Markdown text that can be used to provide a formatted description of the benchmark. If using the Polaris Hub, it is worth noting that this field is more easily edited through the Hub UI as it provides a rich text editor for writing markdown.

For additional meta-data attributes, see the base classes.

evaluate

evaluate(
    y_pred: IncomingPredictionsType | None = None,
    y_prob: IncomingPredictionsType | None = None,
) -> BenchmarkResults

Execute the evaluation protocol for the benchmark, given a set of predictions.

What about y_true?

Contrary to other frameworks that you might be familiar with, we opted for a signature that includes just the predictions. This reduces the chance of accidentally using the test targets during training.

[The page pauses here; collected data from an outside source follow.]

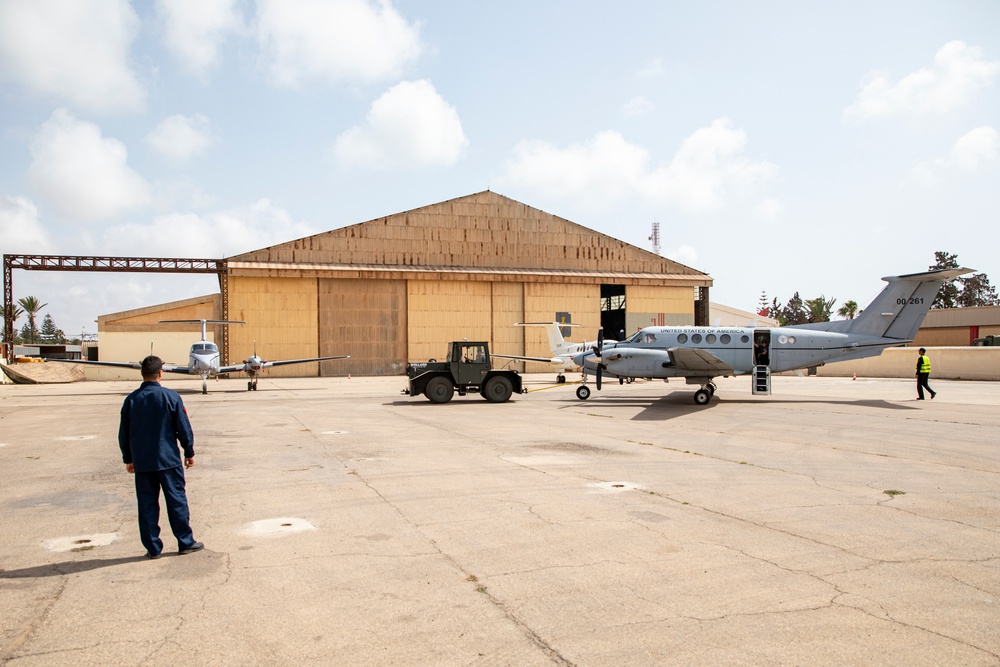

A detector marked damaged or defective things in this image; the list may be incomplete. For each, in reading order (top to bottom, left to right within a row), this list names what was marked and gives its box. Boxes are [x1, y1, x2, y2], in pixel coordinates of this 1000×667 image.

rusty steel frame structure [2, 256, 229, 366]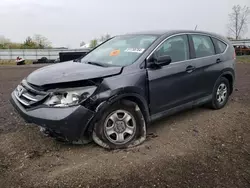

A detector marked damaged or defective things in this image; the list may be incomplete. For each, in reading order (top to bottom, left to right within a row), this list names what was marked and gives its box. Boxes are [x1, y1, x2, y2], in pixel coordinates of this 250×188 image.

crumpled hood [26, 61, 122, 86]
damaged front bumper [10, 92, 94, 142]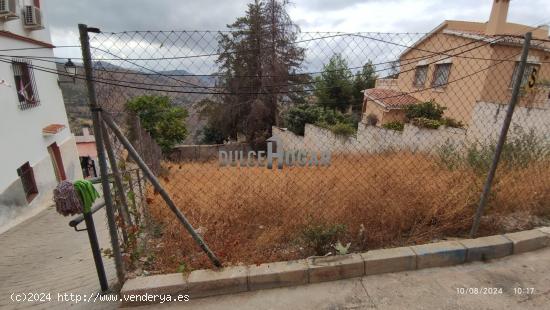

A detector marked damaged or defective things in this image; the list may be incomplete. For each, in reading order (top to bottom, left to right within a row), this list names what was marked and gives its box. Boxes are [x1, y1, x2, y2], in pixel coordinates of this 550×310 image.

rusty fence pole [78, 24, 126, 286]
rusty fence pole [102, 112, 223, 268]
rusty fence pole [470, 32, 536, 237]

For this method, we make the following assumptions:

  1. There can be one or multiple test set(s);
  2. There can be one or multiple target(s);
  3. The metrics are constant across test sets;
  4. The metrics are constant across targets;
  5. There can be metrics which measure across tasks.

Parameters:

Name Type Description Default
y_pred IncomingPredictionsType | None

The predictions for the test set, as NumPy arrays. If there are multiple targets, the predictions should be wrapped in a dictionary with the target labels as keys. If there are multiple test sets, the predictions should be further wrapped in a dictionary with the test subset labels as keys.

None
y_prob IncomingPredictionsType | None

The predicted probabilities for the test set, formatted similarly to predictions, based on the number of tasks and test sets.

None

Returns:

Type Description
BenchmarkResults

A BenchmarkResults object. This object can be directly submitted to the Polaris Hub.

Examples:

  1. For regression benchmarks: pred_scores = your_model.predict_score(molecules) # predict continuous score values benchmark.evaluate(y_pred=pred_scores)
  2. For classification benchmarks:
    • If roc_auc and pr_auc are in the metric list, both class probabilities and label predictions are required: pred_probs = your_model.predict_proba(molecules) # predict probablities pred_labels = your_model.predict_labels(molecules) # predict class labels benchmark.evaluate(y_pred=pred_labels, y_prob=pred_probs)
    • Otherwise: benchmark.evaluate(y_pred=pred_labels)

upload_to_hub

upload_to_hub(
    settings: PolarisHubSettings | None = None,
    cache_auth_token: bool = True,
    access: AccessType = "private",
    owner: HubOwner | str | None = None,
    **kwargs: dict,
)

Very light, convenient wrapper around the PolarisHubClient.upload_benchmark method.

to_json

to_json(destination: str) -> str

Save the benchmark to a destination directory as a JSON file.

Multiple files

Perhaps unintuitive, this method creates multiple files in the destination directory as it also saves the dataset it is based on to the specified destination. See the docstring of Dataset.to_json for more information.

Parameters:

Name Type Description Default
destination str

The directory to save the associated data to.

required

Returns:

Type Description
str

The path to the JSON file.


Subclasses

polaris.benchmark.SingleTaskBenchmarkSpecification

Bases: SingleTaskMixin, BenchmarkV1Specification

Single-task benchmark for the base specification.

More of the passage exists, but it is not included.